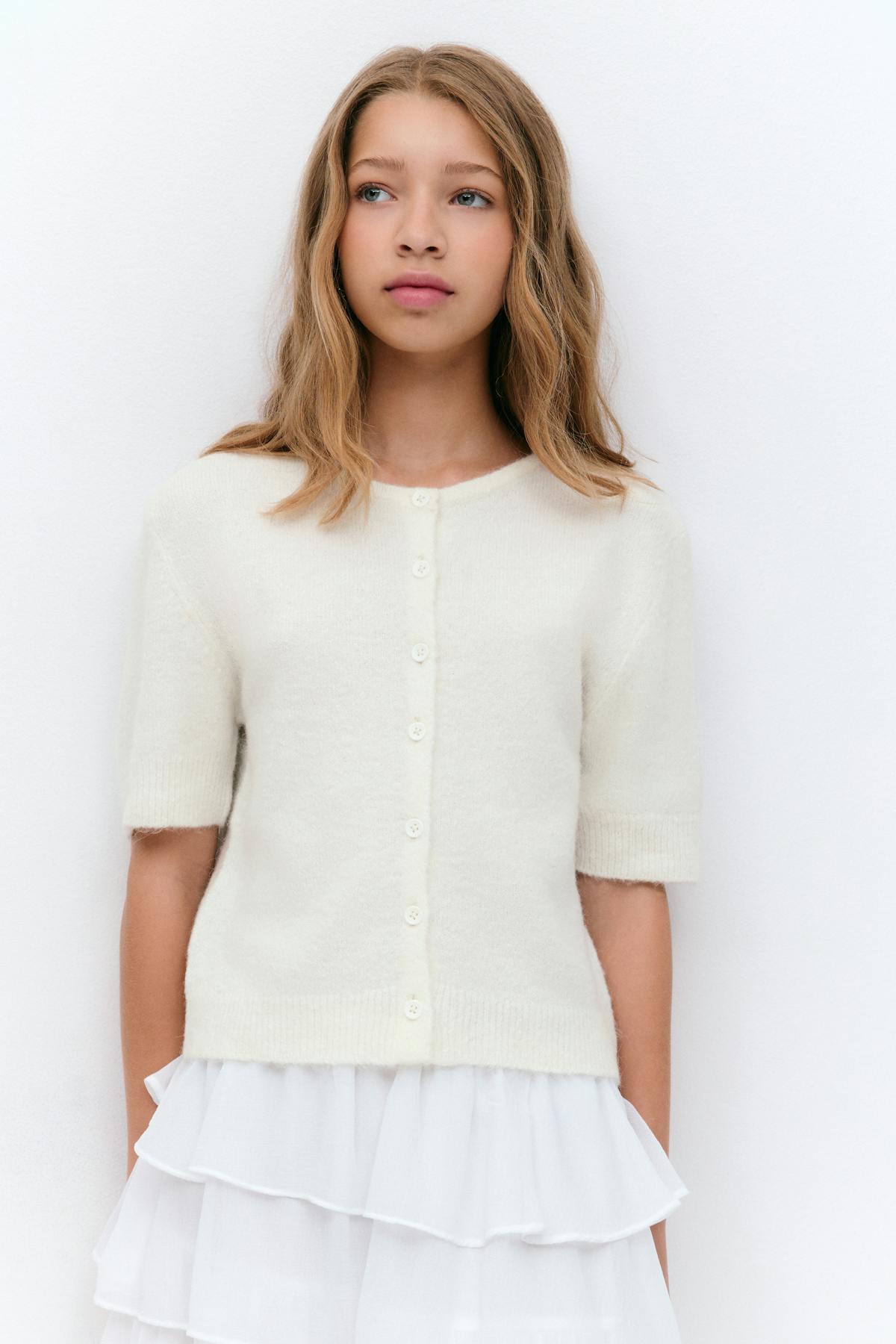 Y knitted cardigan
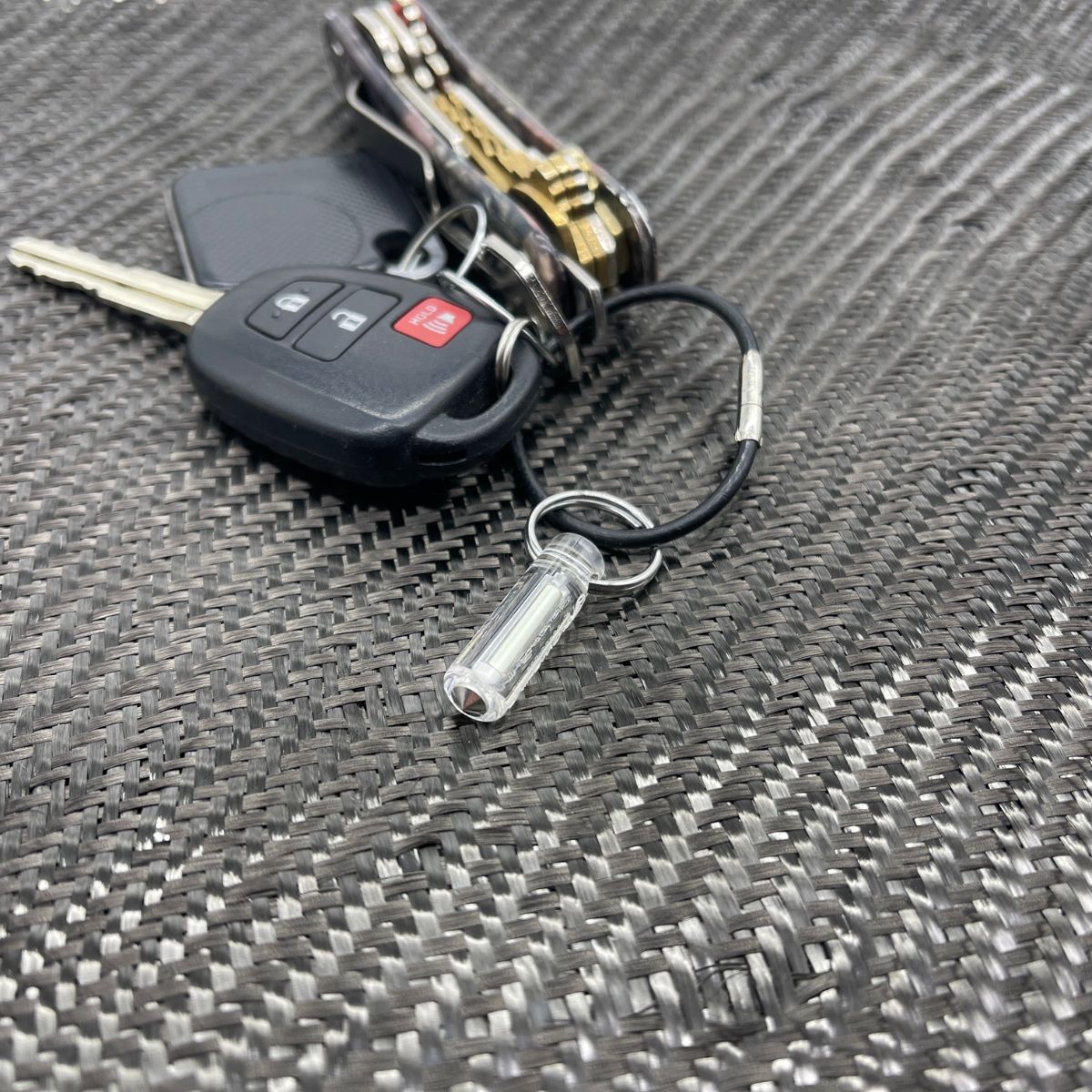 CountyComm - Tritium Ember Glow Fob With Glass Breaker - Official NRC License Approved NO: NR-0210-D-101-E - Image 5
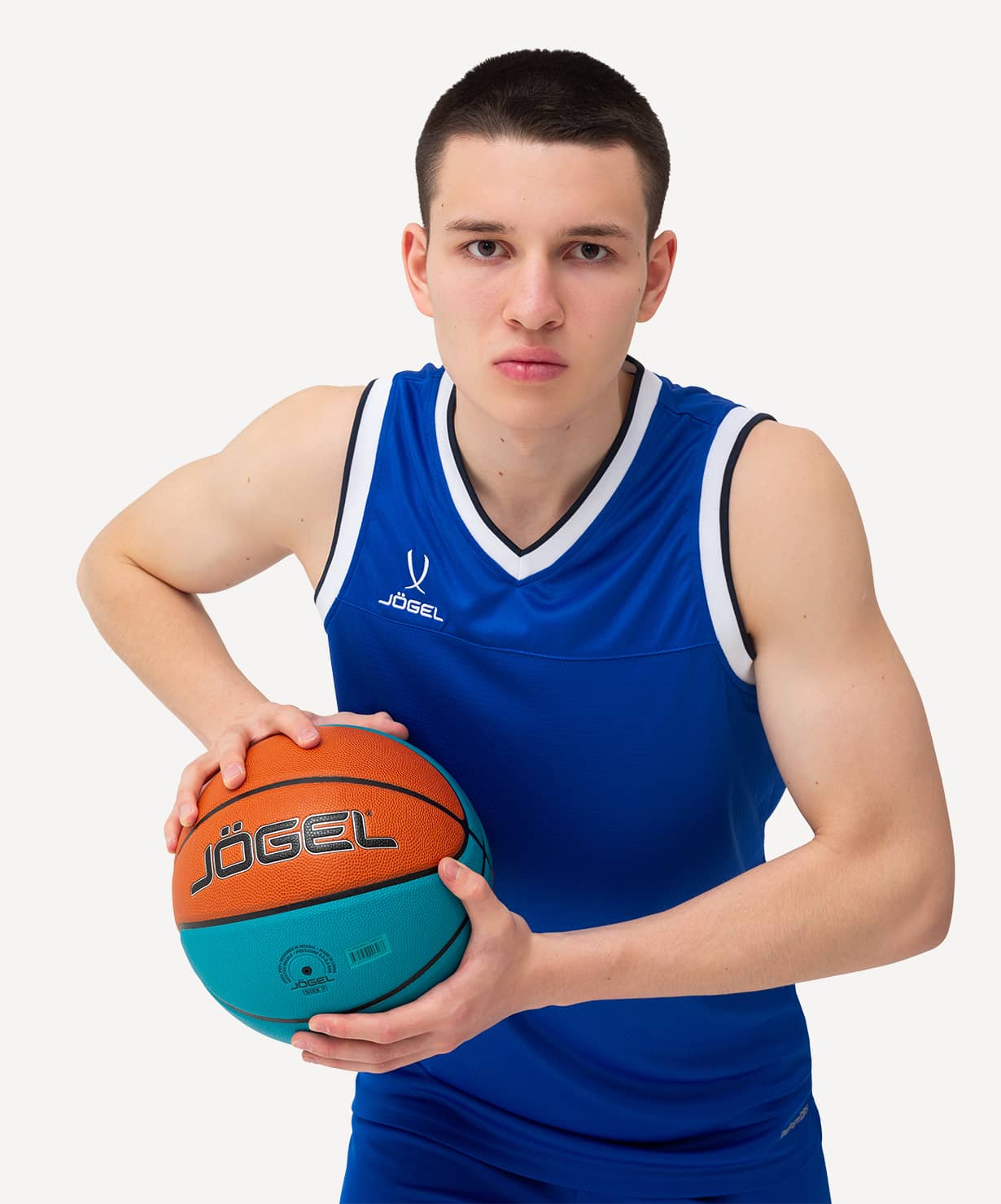 Мяч баскетбольный Jogel Training ECOBALL 2.0 Replica размер №7 2771 Фото Мяч баскетбольный Jogel Training ECOBALL 2.0 Replica размер №7 2771 со склада магазина Спортев
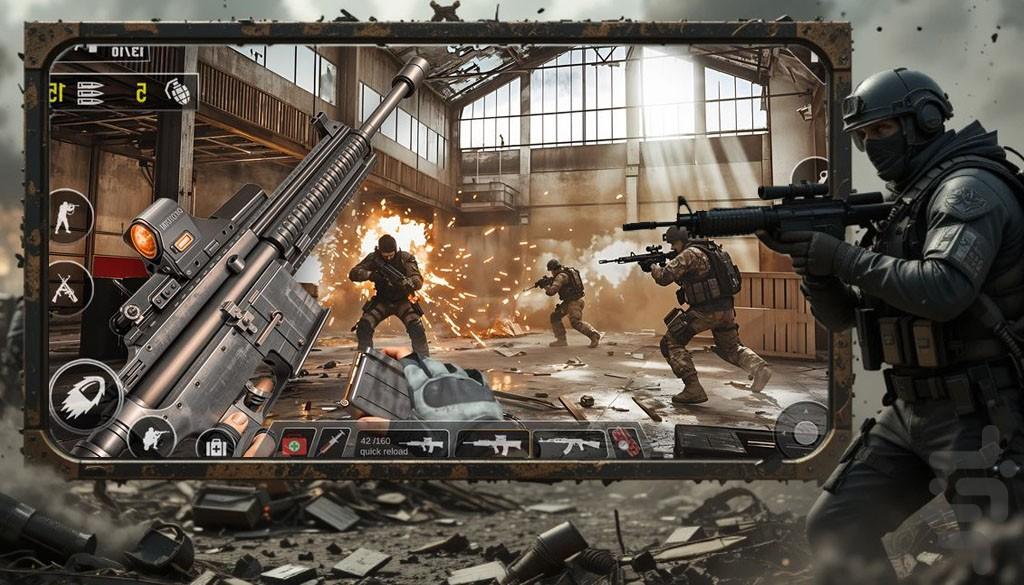 بازی تیراندازی | عملیات ویژه - Gameplay image of android game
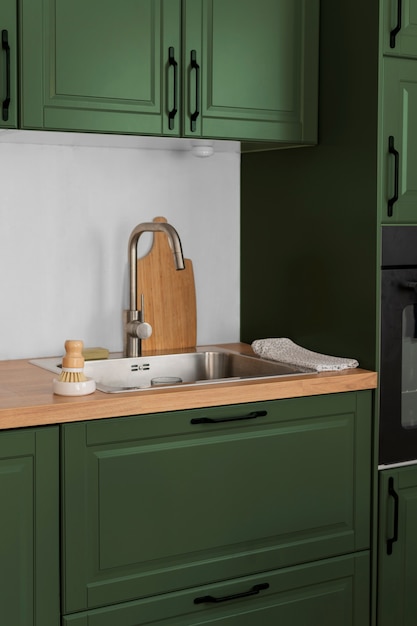 beautiful green kitchen interior design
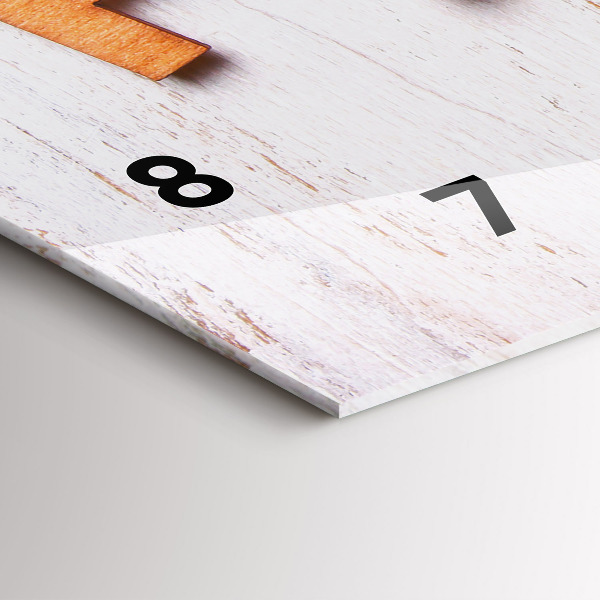 Reloj de cristal horizontal Inscripción familiar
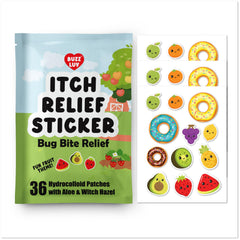 Buzzluv parche hidrocoloide para picaduras de mosquitos alivia rápido el picor.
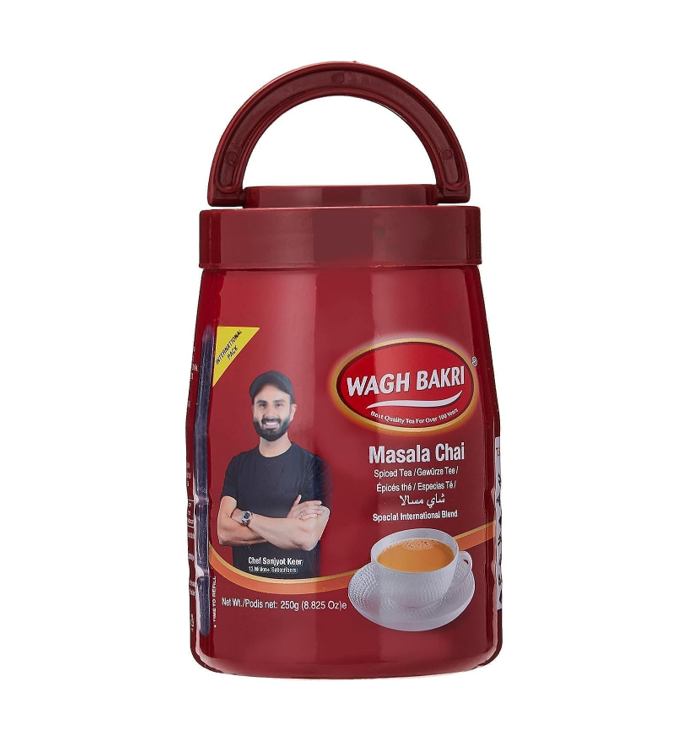 Buy Wagh Bakri Premium Masala Chai – Authentic Indian Spiced Tea at Worldfoodhub. Perfect blend of black tea and aromatic spices for a refreshing chai experience.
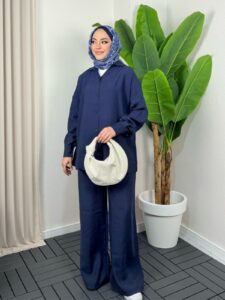 Aisha Gömlek İkili Takım TK100163 - Lacivert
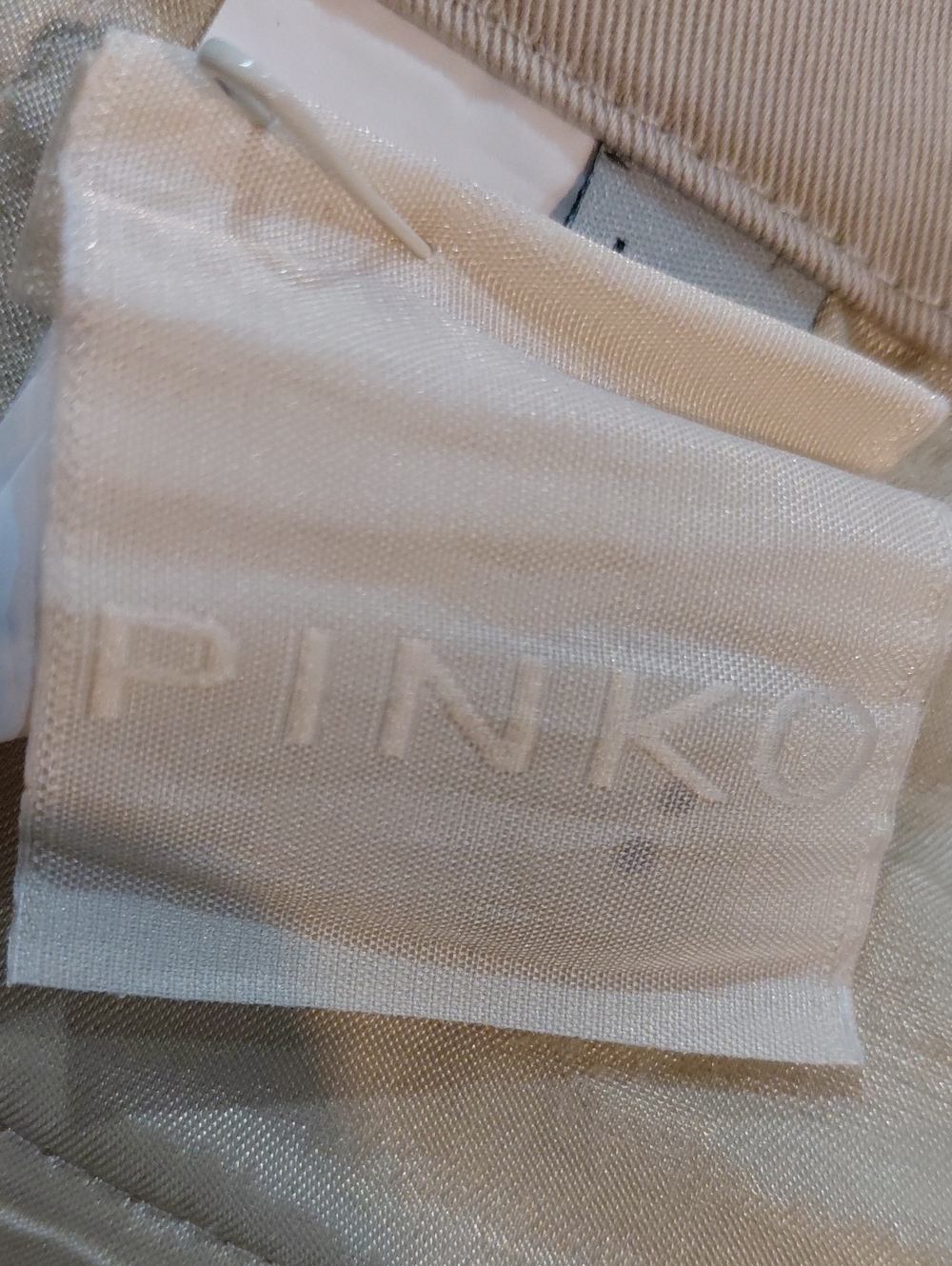 Pinko Beige Trousers with Subtle Neutral Tone - Picture 10 of 10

··········

WHAT YOU SHOULD DO ▸ The listing above must be restated word for word. Its pictures are to be left out.

EXERCISE SOLUTION ▸
 Y knitted cardigan
 CountyComm - Tritium Ember Glow Fob With Glass Breaker - Official NRC License Approved NO: NR-0210-D-101-E - Image 5
 Мяч баскетбольный Jogel Training ECOBALL 2.0 Replica размер №7 2771 Фото Мяч баскетбольный Jogel Training ECOBALL 2.0 Replica размер №7 2771 со склада магазина Спортев
 بازی تیراندازی | عملیات ویژه - Gameplay image of android game
 beautiful green kitchen interior design
 Reloj de cristal horizontal Inscripción familiar
 Buzzluv parche hidrocoloide para picaduras de mosquitos alivia rápido el picor.
 Buy Wagh Bakri Premium Masala Chai – Authentic Indian Spiced Tea at Worldfoodhub. Perfect blend of black tea and aromatic spices for a refreshing chai experience.
 Aisha Gömlek İkili Takım TK100163 - Lacivert
 Pinko Beige Trousers with Subtle Neutral Tone - Picture 10 of 10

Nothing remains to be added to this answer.